Background information
- Born: Jeff Alulis
- Origin: Broomall, Pennsylvania, U.S.
- Genres: Punk rock, hardcore punk

= Jeff Penalty =

American musician

Jeff Alulis, known professionally as Jeff Penalty, is a writer, filmmaker, and musician, known mainly for his documentary work and his position as a former lead singer of Dead Kennedys.

== Early life and education ==
Penalty was born and raised in Broomall, Pennsylvania. He attended college at the University of Massachusetts-Amherst, where he was a member of the fencing team and attended graduate school at the University of Southern California, where he earned an MFA in Writing for Screen and Television and fenced on the Men's Épée team.

== Career==

=== Music ===
Penalty's musical background was mostly as a drummer, performing temporarily with the Pennsylvania band Ralphus and the glam metal parody band Vaz Hoil. He also played drums with Sidekick and The Eyeliners on one occasion each. He shared vocal duties in the Massachusetts pop punk act Just About Done and sang for a short-lived California band called Stupid Ferrets.

In 2003, Penalty became the vocalist for Dead Kennedys, replacing Dr. Know's Brandon Cruz, who was with the band for two years following their reformation without original vocalist Jello Biafra. Penalty had a fascination with Dead Kennedys ever since he listened to their debut album, Fresh Fruit for Rotting Vegetables. He said singing for Dead Kennedys was "the realization of a dream I never even dared to have." Joining the band at twenty-five, he was considerably younger than his former bandmates. After performing over 50 shows with Dead Kennedys, in March 2008 Penalty announced he was parting ways with the band.

Penalty has since filled in on drums with pop-punk band The Dollyrots for tours of Canada and California, and on vocals for Reagan Youth for tours of California and Texas.

=== Film and television ===
Penalty (under his given name, Jeff Alulis) directed and co-produced (along with Ryan Harlin of Techno Squirrels) Do You Remember?
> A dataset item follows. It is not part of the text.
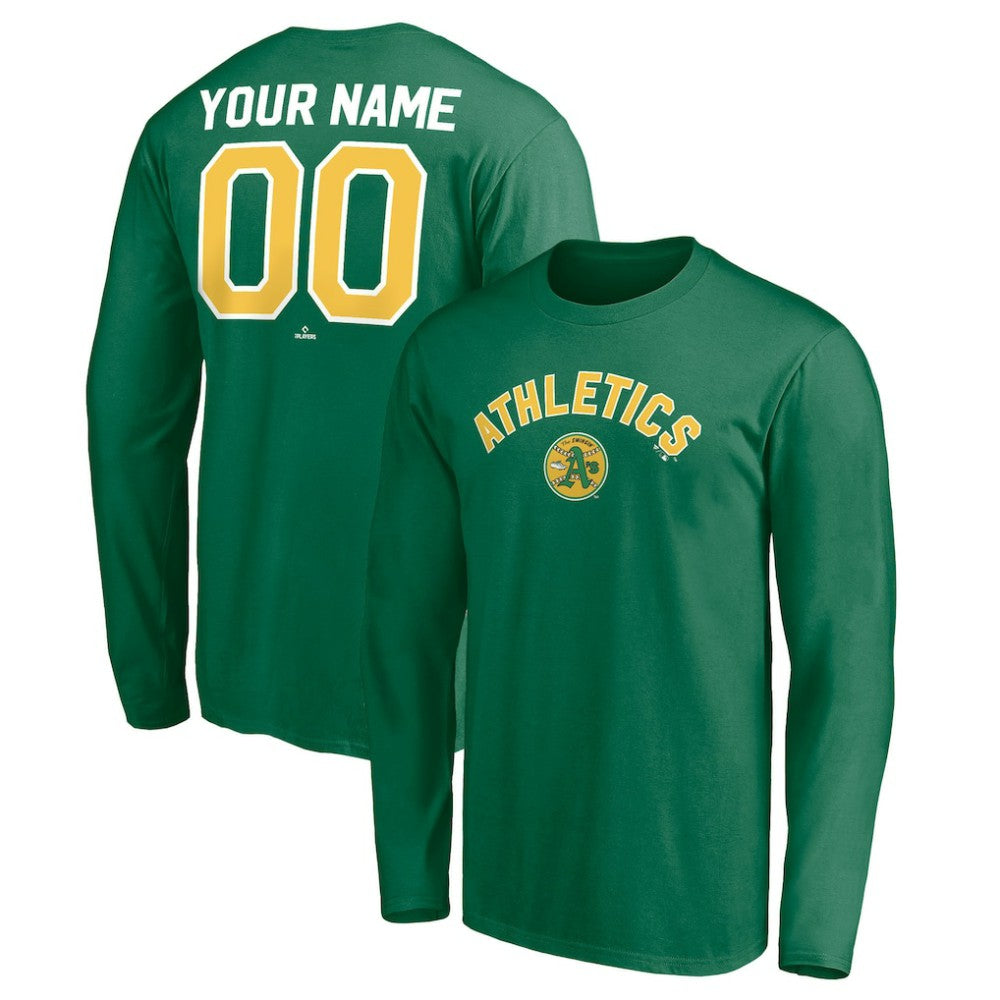 Athletics Personalized Cooperstown Collection Winning Streak Long Sleeve T-Shirt - Green - MLB Discount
Fifteen Years Of The Bouncing Souls, which won the Best Documentary Feature award at the 2003 D.I.Y. Film Festival in Los Angeles. Alulis and Harlin have since gone on to direct/produce the documentary feature Let Them Know: The Story of Youth Brigade and BYO Records, which was an Official Selection at the 2009 San Francisco Independent Film Festival.

From 2006 through 2007, Alulis and Harlin traveled around the world with NOFX filming a tour documentary that later became the series NOFX: Backstage Passport on Fuse TV. Alulis and Harlin served as directors, camera operators, and executive producers on the show, which premiered at the 2008 SXSW Film Festival and aired on Fuse TV in the spring of that year. It was released as a double DVD set with two hours of bonus footage by Fat Wreck Chords on March 17, 2009.

Alulis and Harlin also directed/produced NOFX: Backstage Passport 2, a feature-length follow-up documentary filmed between 2009 and 2012 as NOFX returned to several South American countries where concerts had been canceled during the original "Backstage Passport" tour. It was released by Fat Wreck Chords on August 21, 2015, and won "Best Music Documentary" at both the Kingston Film Festival and the Oregon Independent Film Festival.

=== Writing ===
Penalty, as Alulis, was the writer for NOFX's official autobiography, NOFX: The Hepatitis Bathtub and Other Stories, published by Da Capo Press on April 12, 2016. The book reached number 9 on the New York Times bestseller list for paperback nonfiction two weeks after it was released. He was a featured author at the first It's Not Dead Festival in 2015.

On October 12, 2021, The Doors guitarist Robby Krieger released a memoir Set the Night on Fire: Living, Dying, and Playing Guitar With the Doors, which was cowritten with Alulis.

== Personal life ==
As of 2016, he resides in Los Angeles, CA.

==In popular culture==
Franz Nicolay (most famed as keyboard player of The Hold Steady) has recorded a song "Jeff Penalty" for his third solo album, Major General, previously appearing on the demo "The Black Rose Paladins". The song refers to a Dead Kennedys performance at Irving Plaza in New York City, at which Nicolay performed with the World/Inferno Friendship Society as an opening act, and the growth in appreciation by an initially cynical crowd.